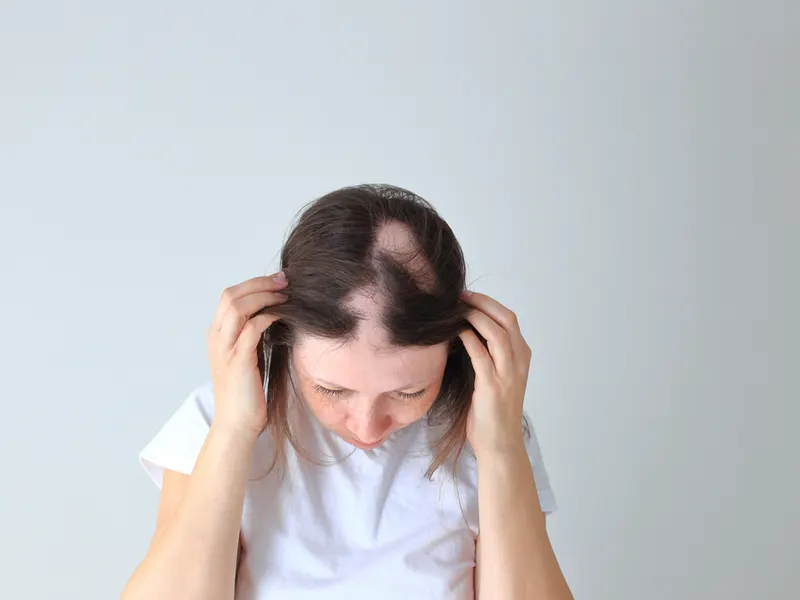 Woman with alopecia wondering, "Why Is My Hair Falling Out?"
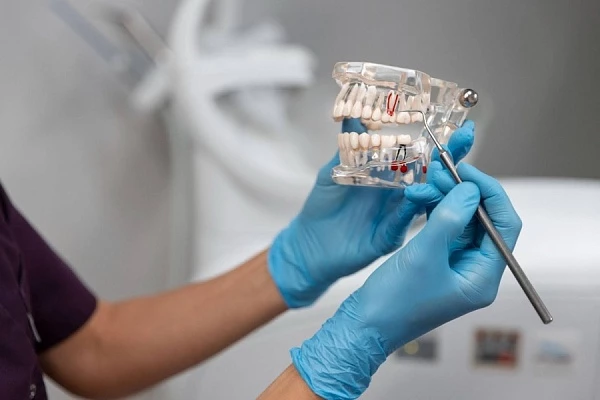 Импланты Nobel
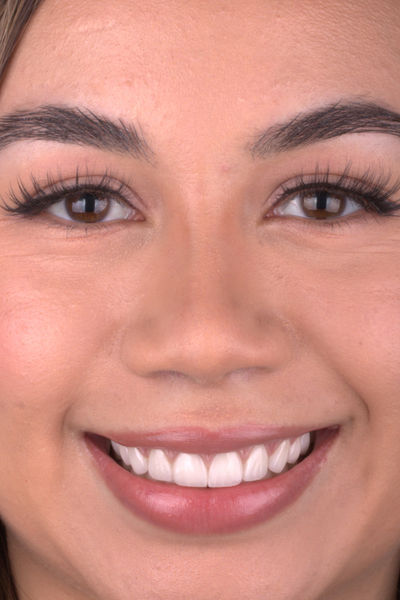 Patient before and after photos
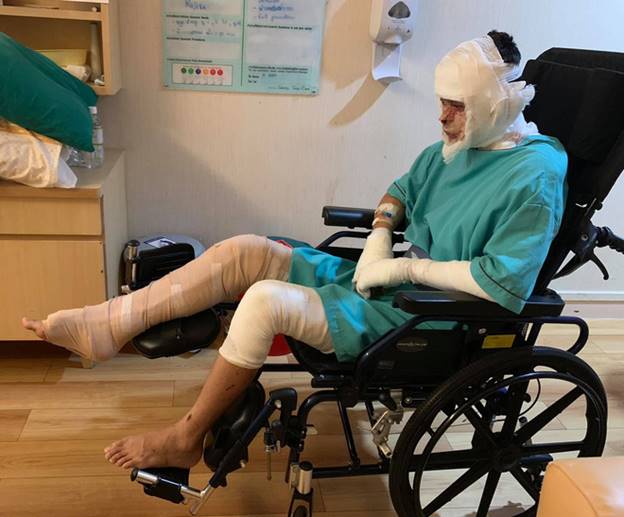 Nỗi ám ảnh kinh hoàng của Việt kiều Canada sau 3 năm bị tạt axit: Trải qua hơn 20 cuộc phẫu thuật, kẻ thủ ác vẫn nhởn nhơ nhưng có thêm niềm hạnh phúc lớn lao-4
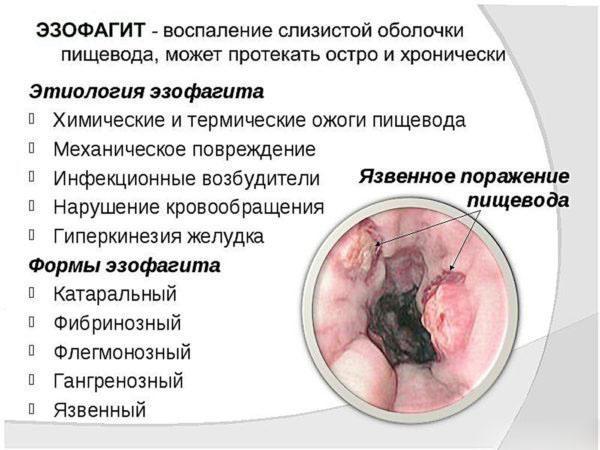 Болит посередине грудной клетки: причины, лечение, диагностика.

——

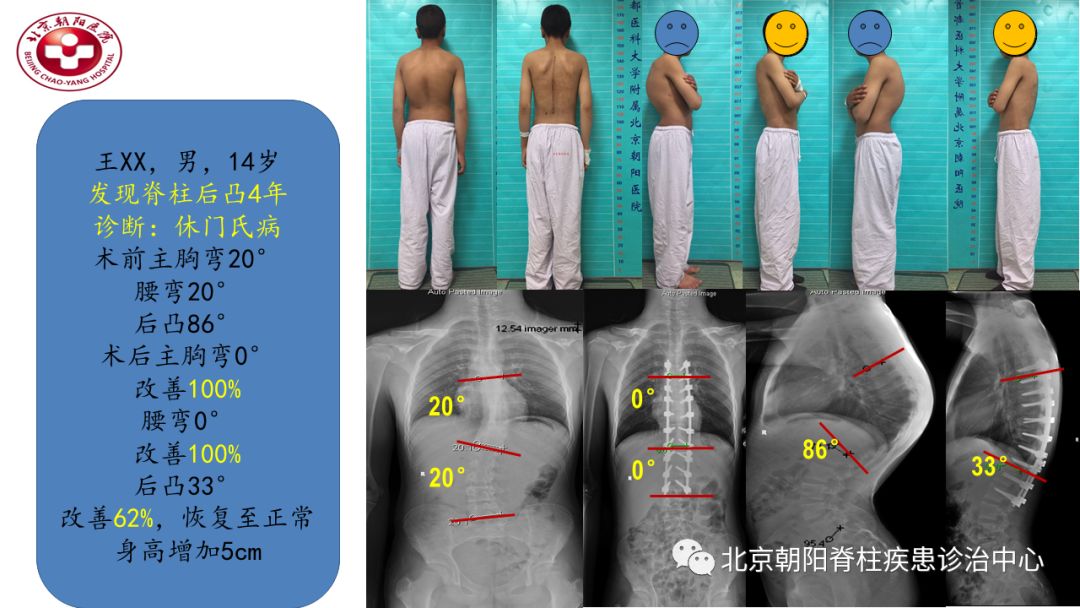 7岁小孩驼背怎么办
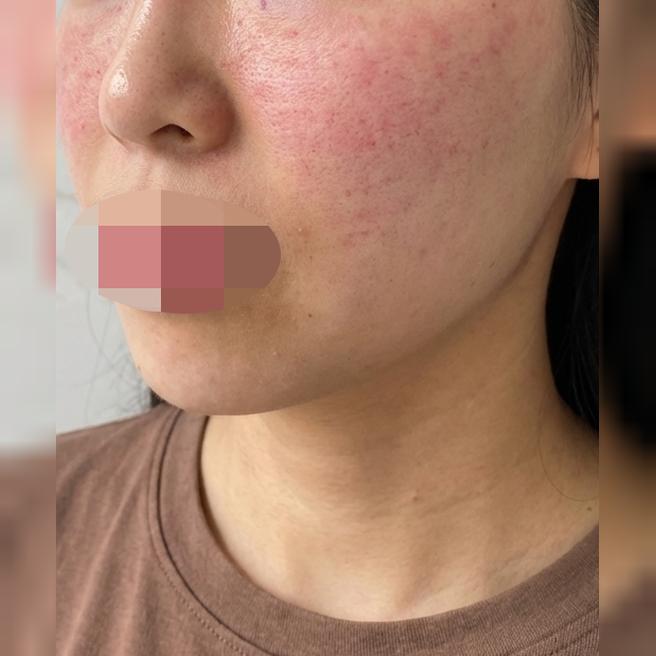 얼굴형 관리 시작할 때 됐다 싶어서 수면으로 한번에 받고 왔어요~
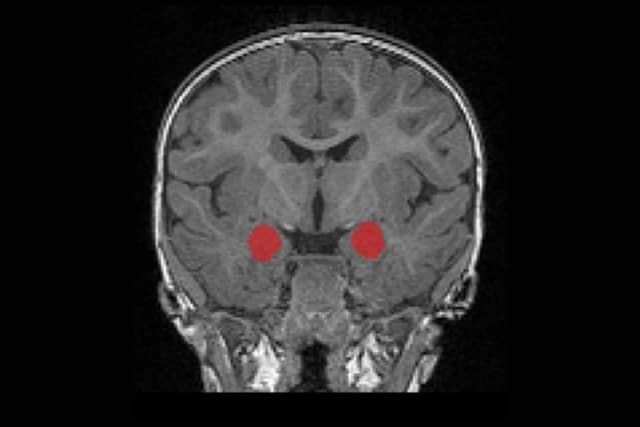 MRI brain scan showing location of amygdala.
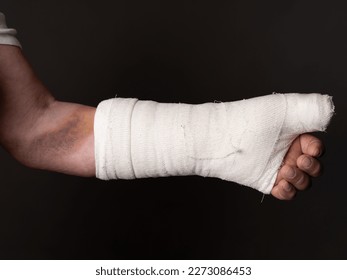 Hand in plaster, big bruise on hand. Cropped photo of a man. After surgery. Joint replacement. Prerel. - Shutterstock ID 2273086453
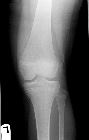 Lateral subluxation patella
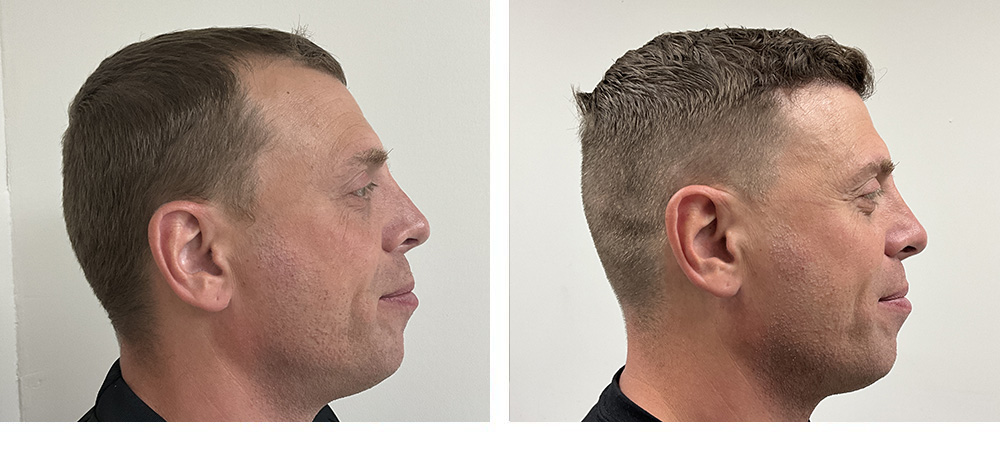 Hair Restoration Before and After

——

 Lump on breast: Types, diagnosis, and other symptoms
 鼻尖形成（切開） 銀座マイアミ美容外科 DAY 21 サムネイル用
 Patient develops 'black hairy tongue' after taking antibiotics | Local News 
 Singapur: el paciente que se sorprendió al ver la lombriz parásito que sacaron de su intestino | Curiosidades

——

**TASK BRIEF**
Copy out the range of lines above starting at the line with "鼻尖形成（切開） 銀座マイアミ美容外科 DAY 21 サムネイル用" and ending at the line with "Singapur: el paciente", exactly and including both.

**ANSWER BOX**
 鼻尖形成（切開） 銀座マイアミ美容外科 DAY 21 サムネイル用
 Patient develops 'black hairy tongue' after taking antibiotics | Local News 
 Singapur: el paciente que se sorprendió al ver la lombriz parásito que sacaron de su intestino | Curiosidades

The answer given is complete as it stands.